Wade in the water/wade in the water, children/wade in the water/God’s gonna trouble the water (African-American spiritual)
Flat Polycarp and I had all kinds of things to say about our wanderings through the UK. The first two-thirds of my sabbatical journey were easy-going, green and friendly. In contrast, upon my arrival in Israel/Palestine, all my muscles tightened, words stopped working and the travel experience became largely sensory and visceral. So no blog for a week.

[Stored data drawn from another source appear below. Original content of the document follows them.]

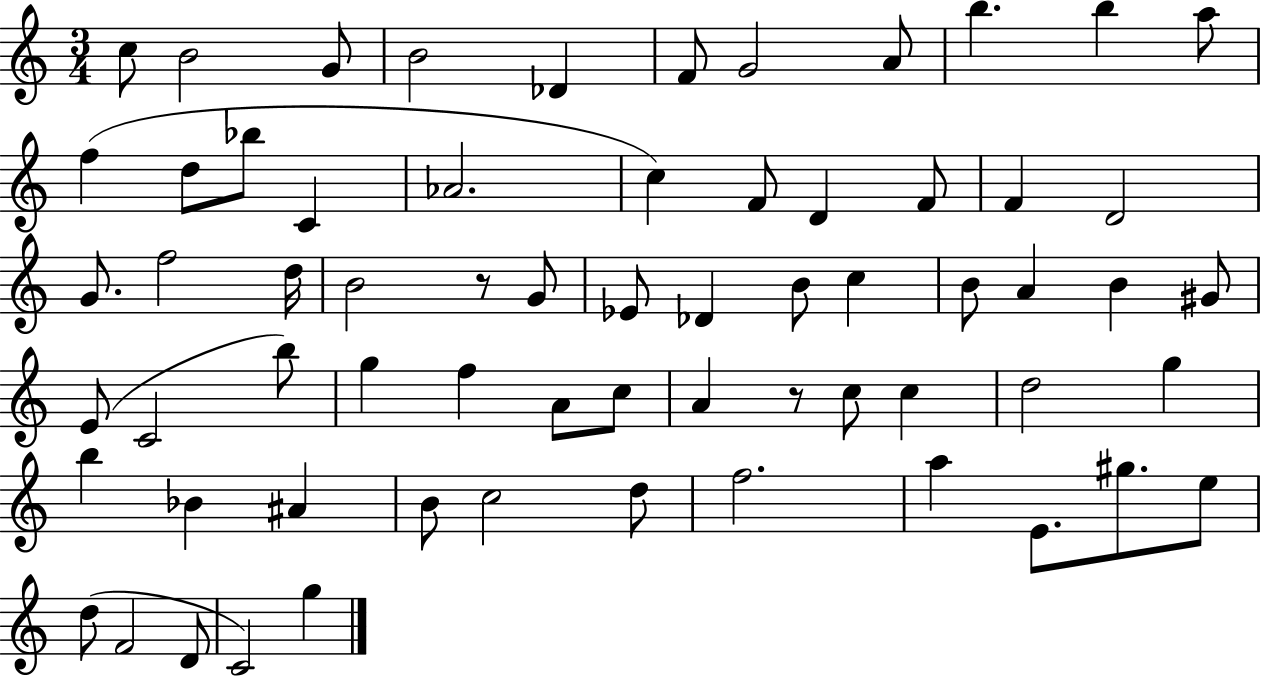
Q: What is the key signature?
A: C major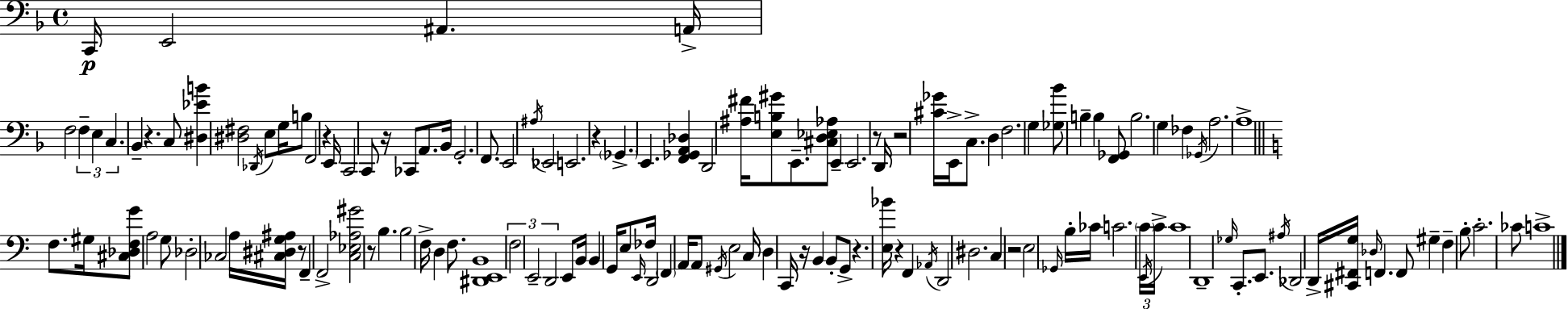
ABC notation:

X:1
T:Untitled
M:4/4
L:1/4
K:Dm
C,,/4 E,,2 ^A,, A,,/4 F,2 F, E, C, _B,, z C,/2 [^D,_EB] [^D,^F,]2 _D,,/4 E,/2 G,/4 B,/2 F,,2 z E,,/4 C,,2 C,,/2 z/4 _C,,/2 A,,/2 _B,,/4 G,,2 F,,/2 E,,2 ^A,/4 _E,,2 E,,2 z _G,, E,, [F,,_G,,A,,_D,] D,,2 [^A,^F]/4 [E,B,^G]/2 E,,/2 [^C,D,_E,_A,]/2 E,, E,,2 z/2 D,,/4 z2 [^C_G]/4 E,,/4 C,/2 D, F,2 G, [_G,_B]/2 B, B, [F,,_G,,]/2 B,2 G, _F, _G,,/4 A,2 A,4 F,/2 ^G,/4 [^C,_D,F,G]/2 A,2 G,/2 _D,2 _C,2 A,/4 [^C,^D,G,^A,]/4 z/2 F,, F,,2 [C,_E,_A,^G]2 z/2 B, B,2 F,/4 D, F,/2 [^D,,E,,B,,]4 F,2 E,,2 D,,2 E,,/2 B,,/4 B,, G,,/4 E,/2 E,,/4 _F,/4 D,,2 F,, A,,/4 A,,/2 ^G,,/4 E,2 C,/4 D, C,,/4 z/4 B,, B,,/2 G,,/2 z [E,_B]/4 z F,, _A,,/4 D,,2 ^D,2 C, z2 E,2 _G,,/4 B,/4 _C/4 C2 C/4 E,,/4 C/4 C4 D,,4 _G,/4 C,,/2 E,,/2 ^A,/4 _D,,2 D,,/4 [^C,,^F,,G,]/4 _D,/4 F,, F,,/2 ^G, F, B,/2 C2 _C/2 C4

This is my second time in the Holy Land. Last time, our tour guide was an Israeli Jew: a scholar and former soldier born the same year as the nation. This time, I am taking a course at St. George’s College in Jerusalem (“Women of the Bible”), and our guide is an Israeli Arab Christian. Suffice it to say the two men tell the story differently.

This land we call “Holy” is a strange place. Bitterly contested for thousands of years, given by God to several people at once: the land itself is a story. From the desert wilderness to the cities to the lush Galilee area, today’s people live right on top of the ancestors.
We pilgrims have traveled the land and told the stories of the women, in their places. We remember some of them by name: Bathsheba, Elizabeth, Martha and her sister Mary of Bethany, Mary of Magdala, and of course Mary of Nazareth. Others are known to God, but we know them only by their relations or their deeds: Jephtha’s Daughter, the Syrophoenician woman, the woman healed of the hemorrhage, the woman who talked to Jesus at Jacob’s well. All these women lived and died in an area which today can be traveled from top to bottom in less than three hours.
You know how in the movie National Treasure, one of the great finds is this freaky pair of glasses with multiple, colored lenses? Manipulation of the lenses made it possible to decode the treasure map on the back of the Declaration of Independence. This land could use such a translation device.
One’s view, and one’s perspective–one’s truth– depends entirely on the lenses one sees through, and where one stands. There are infinite contrasts and layers: of history and religion, hate and love, war and peace. We strain to understand this land, but ultimately it can only be felt in the gut.
I waded in the water at Banias, one of the three springs that create the River Jordan. The springs rise on the Israel/Syria border, form the boundary with the Kingdom of Jordan, flow into the Sea of Galilee and beyond, and finally die in the Dead Sea. Banias is a paradise of archaeology and greenery and cold water. It also sits adjacent to a mine field. Like I said: one’s experience depends on where one stands.
The Holy Land speaks and sings and prays and scolds and feeds. The music of prayer layers–like baklava–with the music of the people’s speech and the smell of spices and dust. Depictions of the Lion of Judah pop up all over: near the Western Wall in Jerusalem, in Christian cathedrals and monasteries in the desert. Like C.S. Lewis’ Aslan, this lion engenders awe and fear and deep love: this is not a tame lion. We must not presume to say we understand it.
The separation walls and barbed wire, the soldiers and the checkpoints, are outward signs of deep divisions. And yet they do not tell the true story. So many people- Jew, Muslim and Christian-are working and praying for peace and the healing of the Holy Land. Last Sunday at St. George’s Cathedral, we sang The Church’s One Foundation. Like a cloth woven of many textures and colors, we embodied the people of God as one body. We sang in English (from several continents) together with Arabic:
Elect from every nation, yet one o’er all the earth. Her charter of salvation: one Lord, one faith, one birth. One holy name she blesses, partakes one only food. And to one hope she presses with every grace endued.